The UK, Germany, France, Spain and Italy have agreed on a deal that it’s being claimed will lead to the automatic sharing of information about the beneficial owners of so-called shell companies and trusts within their borders.
The deal, announced in Washington on Thursday, in response to the Panama Papers leak earlier this month, was hailed by UK chancellor George Osborne as a “hammer blow against those that would illegally evade taxes and hide their wealth in the dark corners of the financial system”.
The announcement came during the International Monetary Fund’s spring meeting, which begins today and runs through Sunday.
The new transparency rules will come into force in January 2017, according to reports.
“Strong words of condemnation are not enough, populist outrage doesn’t by itself collect a single extra pound or dollar in tax or put a single criminal in jail,” Osborne added.
“What we need is international action now, and that’s precisely what we are doing today with real concrete action in the war against tax evasion.”
However, some critics, including Richard Murphy, director of Tax Research UK, say it won’t end tax evasion as promised.

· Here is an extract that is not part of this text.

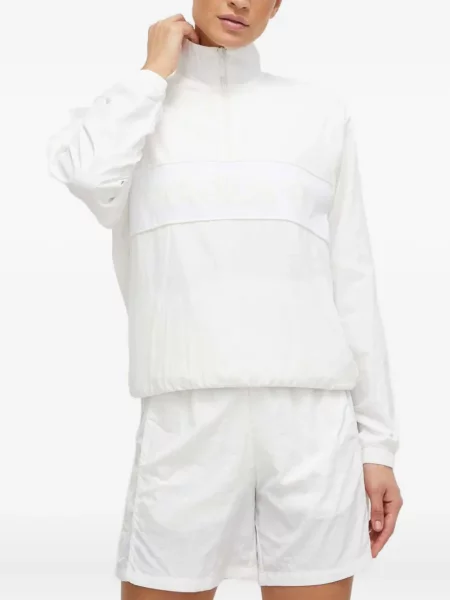 Geacă Adidas cu șireturi cu dungi cu platformă alb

Murphy, a long-time campaigner against tax evasion, said he welcomed the agreement, such as it was, saying it was “a step in the right direction”, but he stressed that the UK in particular was still a long way from being able to deliver the promised information.

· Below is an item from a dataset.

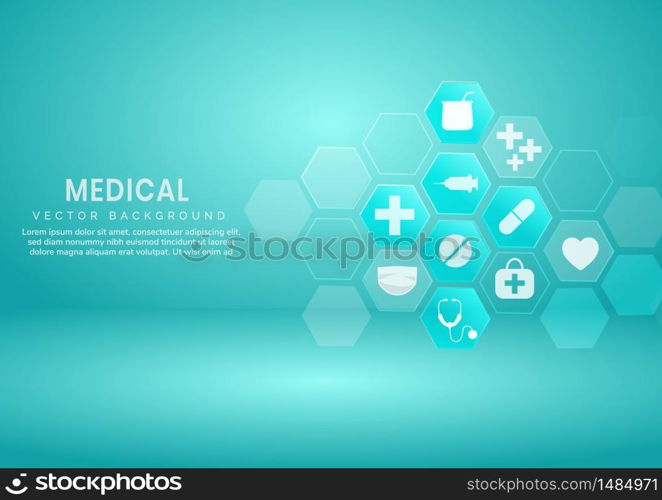 Abstract blue hexagon pattern background.Medical and science concept and health care icon pattern. You can use for ad, poster, template, business presentation. Vector illustration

“It’s especially important that Germany has signed on,” Murphy told a BBC interviewer on Friday. “They’ve had a long term reservation about this, because of what happened in the 1930s in Germany, so this is a big cultural change for them.
“The big problem is that, quite simply, the UK is not collecting this information from its own tax havens, and I don’t believe it’s going to.
“Guernsey and Anguilla have this week not signed up to [a separate information exchange deal with the UK, involving the UK’s overseas territories and Crown Dependencies], which itself is very hollow.
“And the UK is ‘offshore’ to Germany, France, Spain and Italy, and we will not have the information to share in the UK.
“Four hundred thousand companies a year in the UK do not supply any information on their ownership at all to Companies House, and almost none of them are prosecuted.
“So to suggest that we can can share data with these other countries is, at this point in time, quite ridiculous, until we get our house in order, this is a hollow promise.”
Guernsey ‘supports’ register plan
Guernsey minister for Treasury & Resources Gavin St Pier said that Guernsey in fact “welcome[d]” the beneficial ownership information sharing initiatives set out by the UK prime minister, “as we have the same outcomes in mind”. And he noted that Guernsey’s chief minister set out in a letter to David Cameron last week that the UK’s agenda on the matter “has Guernsey’s full, unqualified and active support”.
“As also set out in that letter, Guernsey is committed to putting in place a secure, consolidated and locally-accessed register with a designated point of contact, and the provisions in place for timely and reciprocal information exchange between Guernsey and UK law enforcement authorities,” St Pier said.
“We support the UK’s initiative to put in place global standards, and are pleased that we are moving with the UK and other jurisdictions in that direction.”
As reported, more than 11.5 million confidential documents were passed by an as-yet-unidentified source to Germany’s Süddeutsche Zeitung Zeitung newspaper, which then shared them with the US-based International Consortium of Investigative Journalists. The ICIJ in turn passed them on to some 107 media organisations, including the BBC’s Panorama TV show and the UK’s Guardian newspaper, in 78 countries around the world, which began reporting on their contents on 3 April.